Nous approchons les 200 000 foyers abonnés. En 2008, nous avons infléchi notre stratégie commerciale, en complétant les offres que nous avions traditionnellement, qui étaient autour de 20 euros, par des offres d’accès, à partir de 4 900 F CFA, soit 7,50 euros. Grâce à quoi notre base d’abonnés a augmenté de presque 40 % en 2008, contre 17 % en 2007. Le total des foyers francophones sur tout le continent est de près de 50 millions de foyers, soit une cible d’au moins 25 millions de foyers équipés de TV.

Une filiale du groupe Vivendi diffuse en France des chaînes d’Afrique subsaharienne sur Internet. Pourquoi pas de chaînes du Maghreb ?

Vous voulez parler du Bouquet africain, bouquet de chaînes camerounaise, ivoirienne, burkinabè, malienne et sénégalaises, distribué en France par SFR Neuf Cegetel et bientôt par Free. C’est une initiative conjointe de la société de production Thema et de Canal Overseas Africa. Il y a une logique marketing dans ce choix : ces chaînes n’étaient pas du tout disponibles en France alors que plusieurs télévisions d’Algérie, du Maroc et de Tunisie y sont déjà diffusées, y compris par satellite.

Est-ce qu’à terme vous envisagez de produire des émissions avec des animateurs maghrébins, qui seraient en quelque sorte l’emblème de Canal+ Maghreb ?

Il est trop tôt pour le dire après seulement deux mois d’existence au Maghreb. En Afrique subsaharienne, où nous sommes présents depuis une vingtaine d’années, nous produisons trois émissions spécifiques, comme AfriKArt ou Talents d’Afrique. Une réflexion est en cours sur la captation d’autres programmes.

Dans quel pays africain le piratage est-il le plus important ?

Les pays du Maghreb arrivent incontestablement en tête, notamment du fait de la proximité avec l’Europe. Il y a un marché de piratage massif, où l’on diffuse des émissions dont les droits n’ont été payés que pour l’Europe. Cela dit, jusqu’à ce que nous lancions notre bouquet, il n’y avait aucune offre légale de chaîne française ou francophone. Pour les téléspectateurs désireux d’éviter le piratage pour se simplifier la vie, il n’y avait pas de solutions jusque-là. Nous verrons bien si cela va changer.

Qu’en est-il de l’Afrique subsaharienne ?

La situation est très différente, parce que ce ne sont pas des individus qui vendent des clés ou des cartes frauduleuses, ce sont surtout des distributeurs qui ne respectent pas les droits. Certains sont dans l’illégalité massive, diffusant aussi bien des DVD de productions audiovisuelles africaines dont ils n’ont pas les droits que des chaînes françaises piratées.

Un marché est-il plus touché qu’ailleurs ?

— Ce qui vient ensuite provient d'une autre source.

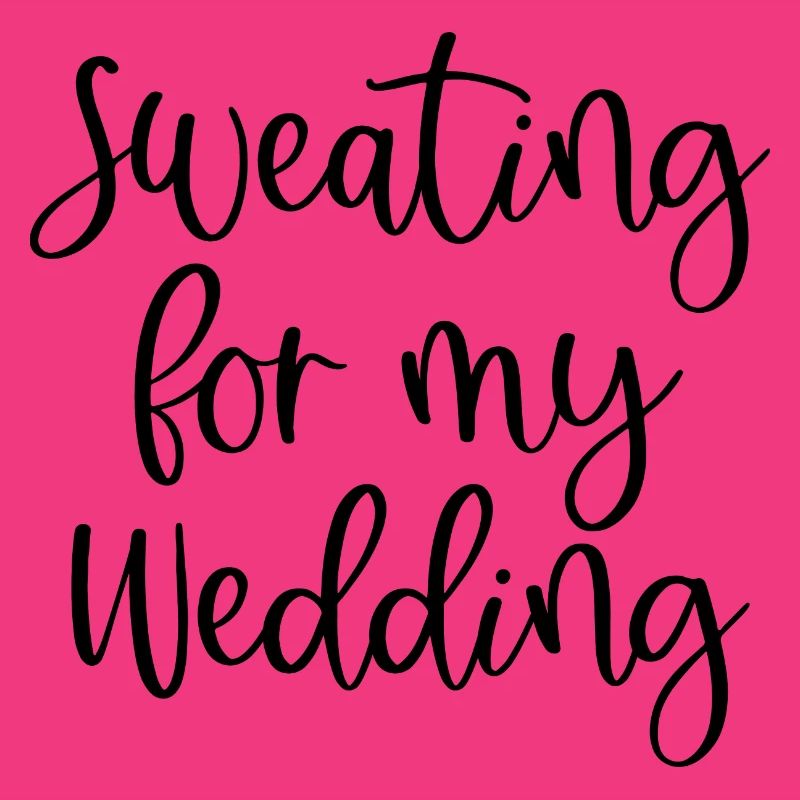 Sweating For My Wedding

On cite souvent le Cameroun, mais il y a un marché qui devient préoccupant, c’est le Sénégal. L’un des acteurs, qui a une taille importante et revendique plusieurs dizaines de milliers d’abonnés, pirate allègrement les principaux droits, et nous ne sommes pas les seuls à nous en inquiéter.

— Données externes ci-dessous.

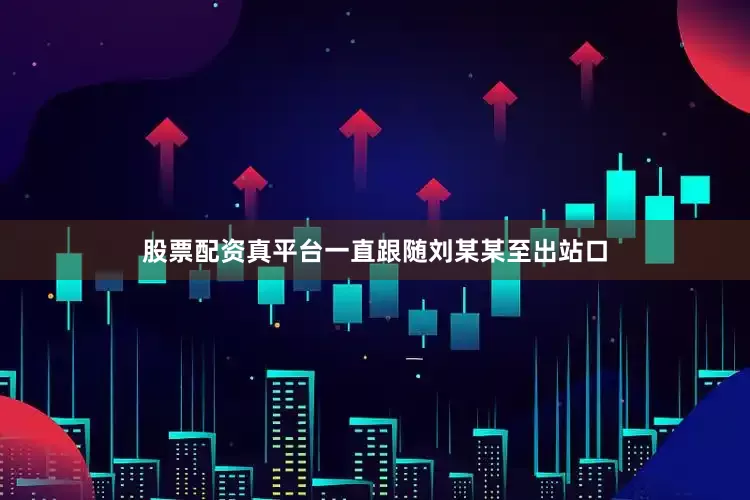 股票配资真平台一直跟随刘某某至出站口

Vous l’attaquerez en justice ?

Nous avons engagé plusieurs procédures. J’ai rencontré les autorités sénégalaises, qui ont montré une forte sensibilité à ce problème, et nous bénéficions de leur soutien dans la lutte pour le démantèlement des réseaux pirates.

Serez-vous prêts pour 2010, qui sera une grande année de football en Afrique ?

Évidemment, car Canal+ est la chaîne des amoureux du sport ! Nous aurons les droits de la Coupe du monde pour l’Afrique subsaharienne. Pour ce qui concerne le Maghreb, nous y travaillons, mais il est trop tôt pour en parler.